• WHAT THIS TASK INVOLVES: An exact copy of all the data below is required.

• DATASET CONTENT:
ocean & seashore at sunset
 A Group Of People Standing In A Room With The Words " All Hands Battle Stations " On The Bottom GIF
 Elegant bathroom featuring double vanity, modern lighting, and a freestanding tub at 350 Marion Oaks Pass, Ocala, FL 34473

• RESPONSE FOR THIS EXERCISE:
ocean & seashore at sunset
 A Group Of People Standing In A Room With The Words " All Hands Battle Stations " On The Bottom GIF
 Elegant bathroom featuring double vanity, modern lighting, and a freestanding tub at 350 Marion Oaks Pass, Ocala, FL 34473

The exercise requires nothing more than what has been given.